*Supplied information*
◆ ◆ ◆ ◆

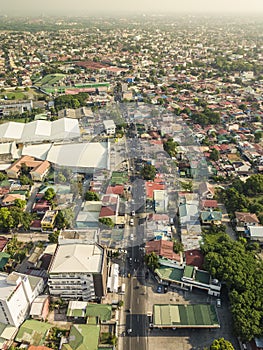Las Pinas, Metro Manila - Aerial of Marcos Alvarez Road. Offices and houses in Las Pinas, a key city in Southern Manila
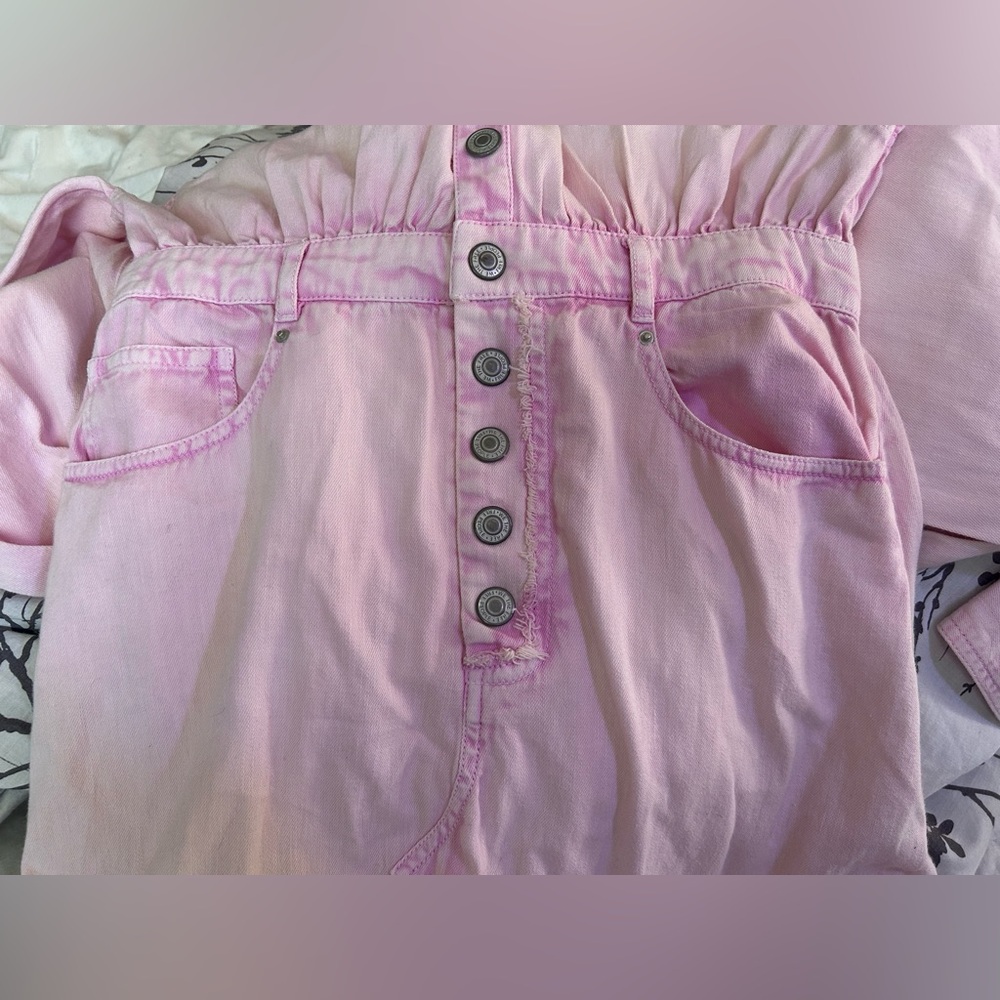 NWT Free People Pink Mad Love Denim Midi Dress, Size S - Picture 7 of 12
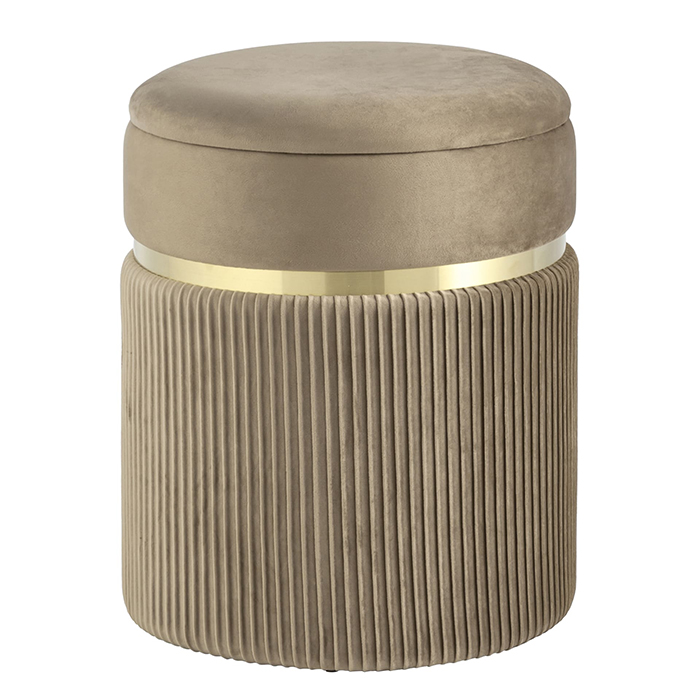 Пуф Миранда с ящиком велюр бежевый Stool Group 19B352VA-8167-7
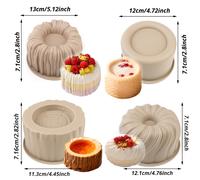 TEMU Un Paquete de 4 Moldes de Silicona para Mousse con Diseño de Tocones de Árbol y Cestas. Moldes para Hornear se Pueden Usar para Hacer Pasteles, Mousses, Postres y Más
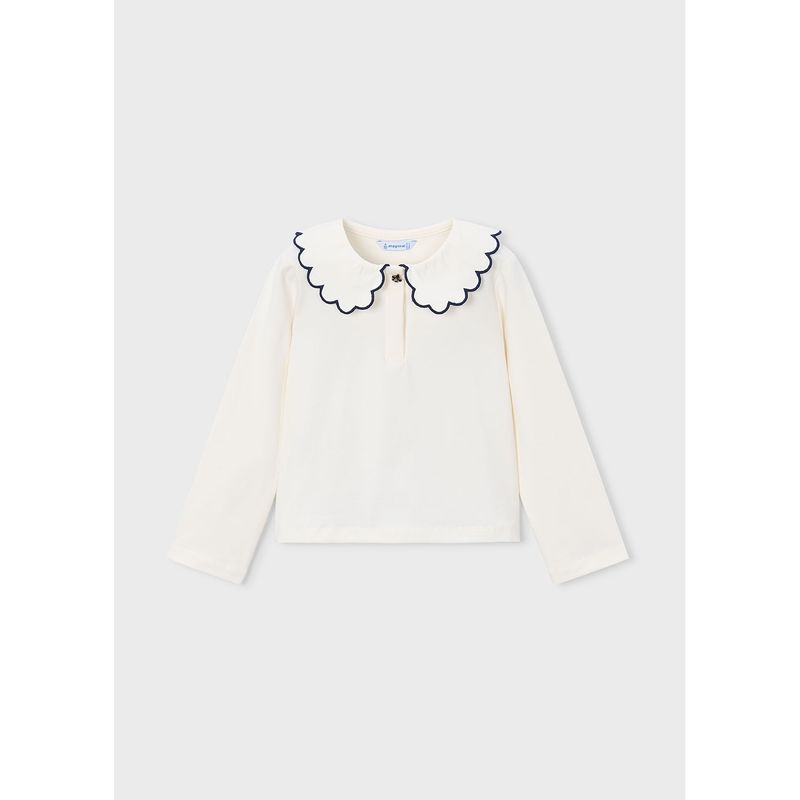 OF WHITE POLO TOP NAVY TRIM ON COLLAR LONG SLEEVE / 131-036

◆ ◆ ◆ ◆

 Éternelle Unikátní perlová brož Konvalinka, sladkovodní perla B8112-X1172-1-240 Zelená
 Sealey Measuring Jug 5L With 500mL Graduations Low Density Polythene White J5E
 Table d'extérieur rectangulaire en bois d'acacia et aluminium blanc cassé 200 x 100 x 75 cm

◆ ◆ ◆ ◆

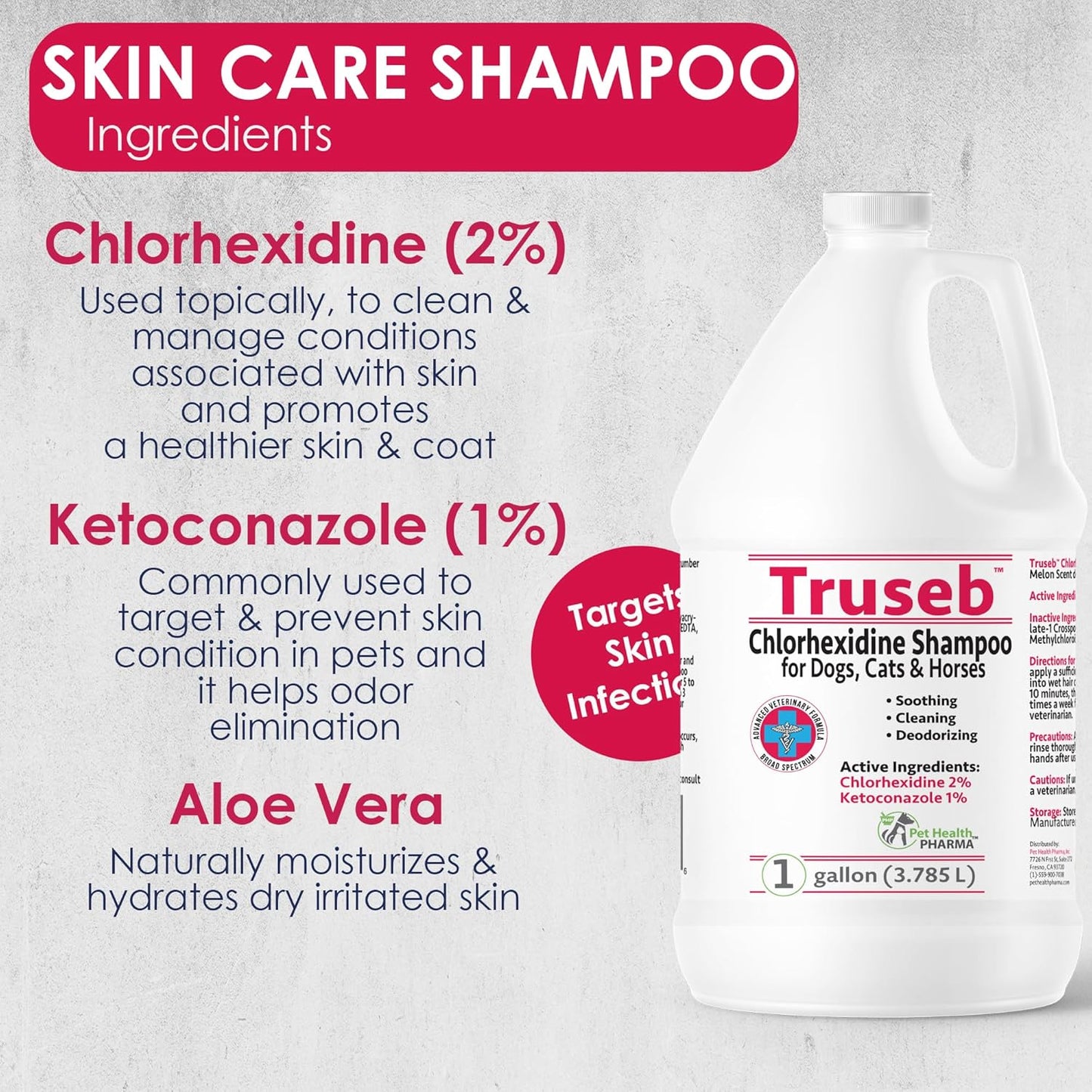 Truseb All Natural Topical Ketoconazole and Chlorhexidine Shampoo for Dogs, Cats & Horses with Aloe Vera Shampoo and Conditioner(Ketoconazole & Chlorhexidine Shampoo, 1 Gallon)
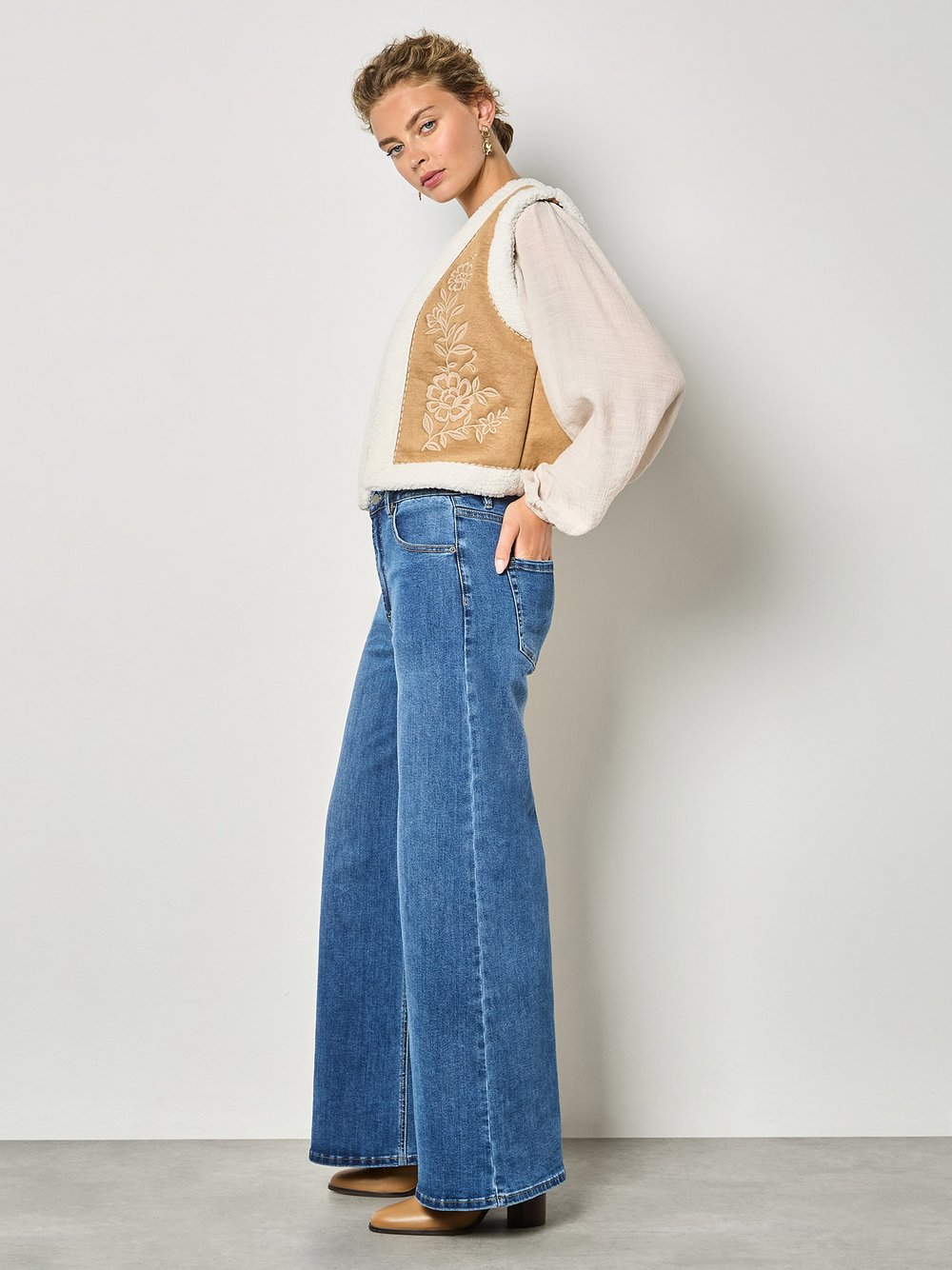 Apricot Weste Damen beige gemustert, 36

◆ ◆ ◆ ◆

*What is required*
In the listing above, find the line with "Las Pinas, Metro" and the line with "TEMU Un Paquete". Copy exactly those lines and all between them, minus the images.

*Expected answer*
Las Pinas, Metro Manila - Aerial of Marcos Alvarez Road. Offices and houses in Las Pinas, a key city in Southern Manila
 NWT Free People Pink Mad Love Denim Midi Dress, Size S - Picture 7 of 12
 Пуф Миранда с ящиком велюр бежевый Stool Group 19B352VA-8167-7
 TEMU Un Paquete de 4 Moldes de Silicona para Mousse con Diseño de Tocones de Árbol y Cestas. Moldes para Hornear se Pueden Usar para Hacer Pasteles, Mousses, Postres y Más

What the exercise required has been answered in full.